--- DATA FOR PROCESSING ---
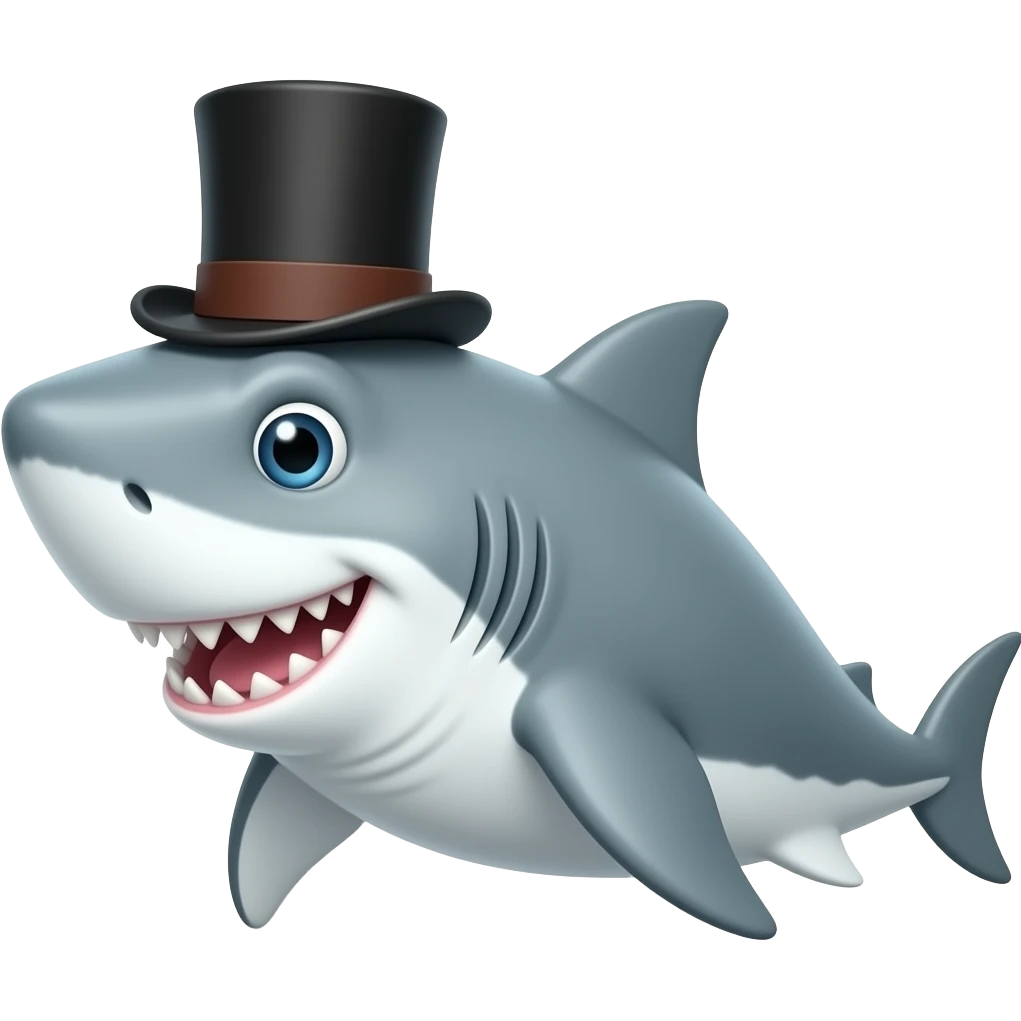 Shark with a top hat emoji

---

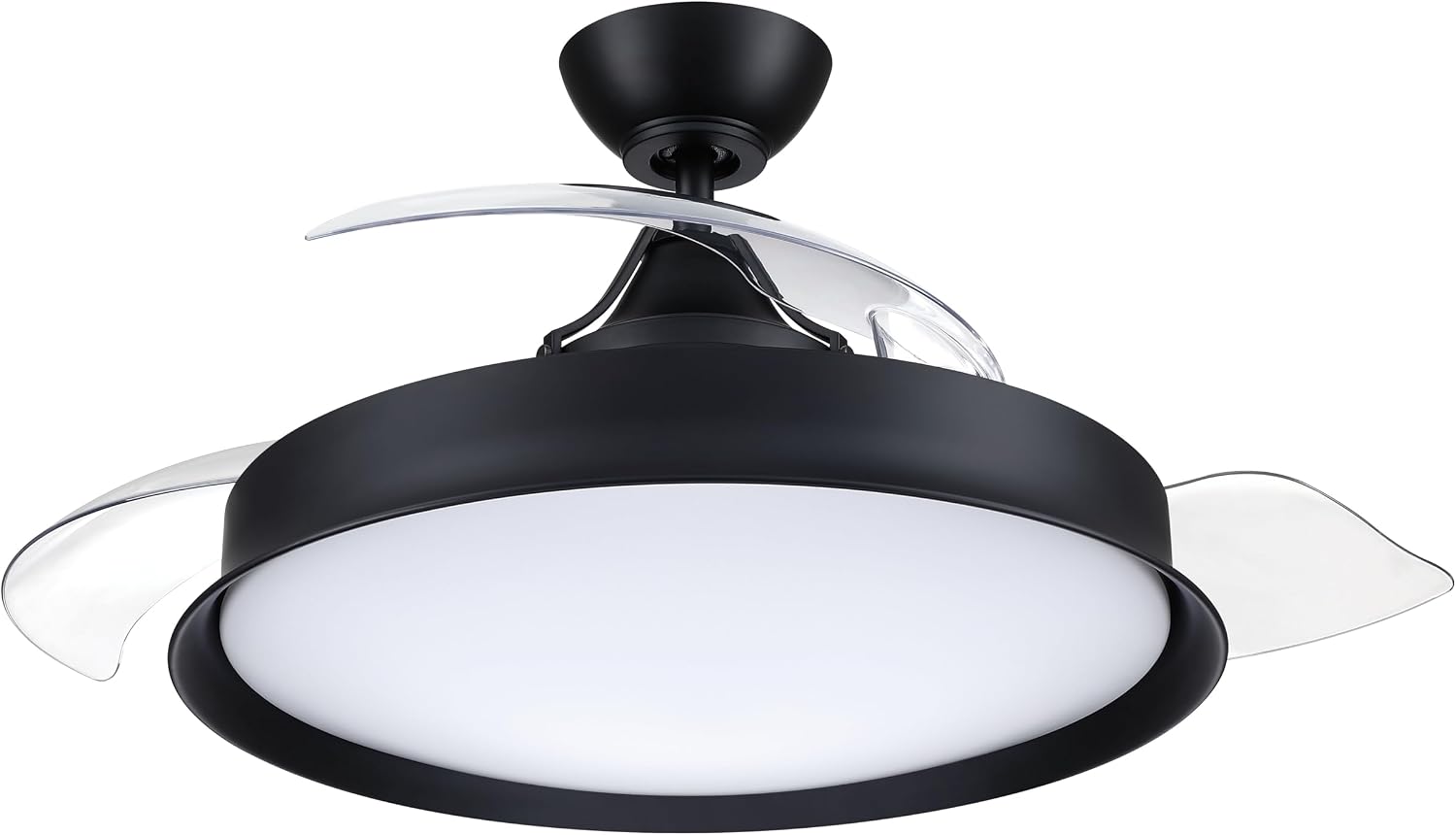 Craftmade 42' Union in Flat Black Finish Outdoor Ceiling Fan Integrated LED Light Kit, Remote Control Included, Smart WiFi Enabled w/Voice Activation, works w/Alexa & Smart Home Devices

...

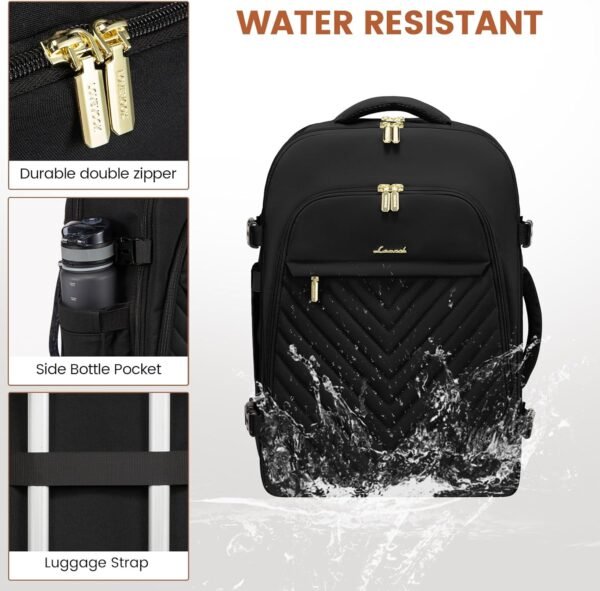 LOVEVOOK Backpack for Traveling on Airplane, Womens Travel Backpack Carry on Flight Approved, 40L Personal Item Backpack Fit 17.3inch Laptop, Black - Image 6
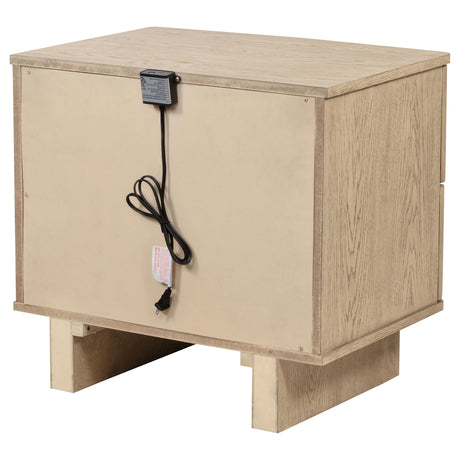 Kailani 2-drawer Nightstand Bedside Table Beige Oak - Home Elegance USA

--- EXERCISE DIRECTIONS ---
Please copy out from the data above, without any picture, exactly the lines running from the one that holds "LOVEVOOK Backpack for" through the one that holds "Kailani 2-drawer Nightstand", and nothing beyond them.

--- WRITTEN REPLY ---
 LOVEVOOK Backpack for Traveling on Airplane, Womens Travel Backpack Carry on Flight Approved, 40L Personal Item Backpack Fit 17.3inch Laptop, Black - Image 6
 Kailani 2-drawer Nightstand Bedside Table Beige Oak - Home Elegance USA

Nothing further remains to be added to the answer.